No one knows how the boy king died
An x-ray from 1968 found inter-cranial bone fragments, prompting the theory that he was murdered with a blow to the head. However this damage seemed to be the result of the modern unwrapping.
In 2013, because parts of the chest wall and ribs are missing, a theory emerged that the king had died in a a chariot accident. But when the body was photographed at the time of Carter’s excavation in 1926, the chest wall was still intact. The damaged chest wall seems to have been inflicted by robbers during the theft of the beaded collar.
It’s also possible the young king died from natural causes. Some think he contracted malaria, and he is likely to have had a bone disease or an inherited blood disease.
He was not always called Tutankhamun
At birth, he was named Toutankhaton, meaning ‘living image of Aton’, referring to the sun god. When he ascended the throne, he changed his name to Tutankhamun, meaning ‘living image of Amon’ – the king of the Gods. This may have been to disassociate with the reign of his father, King Akhenaten.
Akhenaten had tried to shift the culture away from Egypt’s traditional religion of polytheistic worship, which had been unpopular.
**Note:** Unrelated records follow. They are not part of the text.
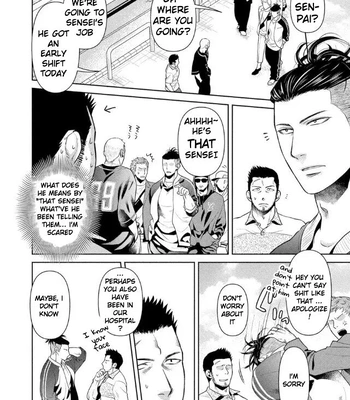 [Akemi] Oji-san Love Hame Wagon | Uncle’s Loving Sex Van [Eng] – Gay Manga sex 133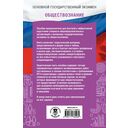 ОГЭ. Обществознание. ОГЭ на 100 баллов. Справочник — фото, картинка — 1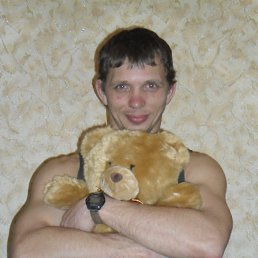 Александр, Москва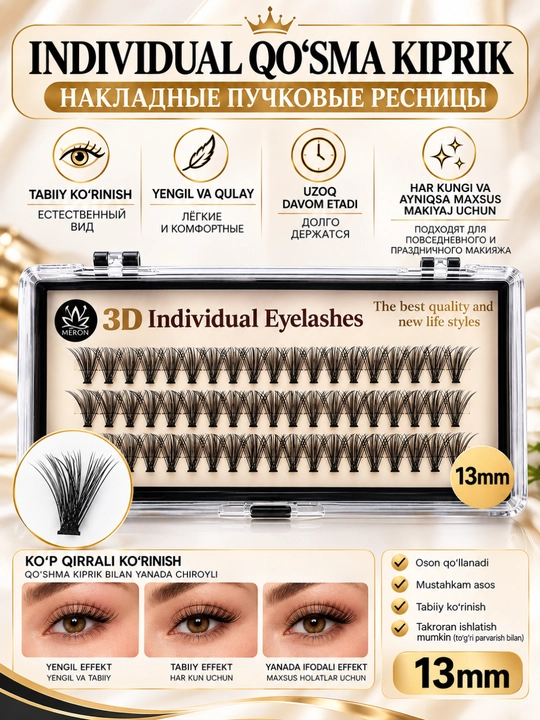 3D individual qo‘shma kipriklar, 13 mm, tabiiy effekt uchun -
After his death, his monuments were dismantled and hidden and his name excluded from the king lists. Perhaps it’s no surprise his son wanted to keep his distance.
The Egyptians didn’t even call him Tutankhamun anyway
Egyptian kings had five names, and the last two were the most important – the prenomen and the nomen. These were the names written on monuments. So, although we know him by his nomen, Tutankhamun, the Egyptians knew him by his prenomen: Nebkheperure.
He was surrounded by jostling political advisers
Tutankhamun’s father died when he was 7, leaving his young son to rule from the age of about 9 until 18. The youth of the ‘boy king’ was taken advantage of by several powerful viziers, his high-ranking political advisers.
One of these was Ay, the possible father of Nefertiti, who was Tutankhamun’s mother. It was Ay’s idea to distance the new rule from the unpopular changes made by King Akhenaten, and he reverted the kingdom back to the old religion and made Tutankhamun change his name. The military commander Horemheb was also a powerful influence.
Memory of his reign was obliterated after his death
Tutankhamun’s death brought an end to his bloodline, as his two daughters didn’t reach infancy. His powerful adviser, the Grand Vizier Ay, ruled for four years, followed by the army chief, Horemheb.
Horemheb, the last king of the Eighteenth Dynasty, went about tarnishing Tutankhamun’s legacy, and replaced Tutankhamun’s name with his own on many monuments. He also made sure Tutankhamun’s resting place was plain and unadorned. In doing so Horemheb inadvertently granted Tutankhamun immortality, as his tomb escaped the eyes of grave robbers, and was the most intact tomb ever discovered by modern men, making it, and the boy King himself, famous around the world, and starting a craze for all things Egyptian. King Tut is now the most famous pharaoh that ever ruled.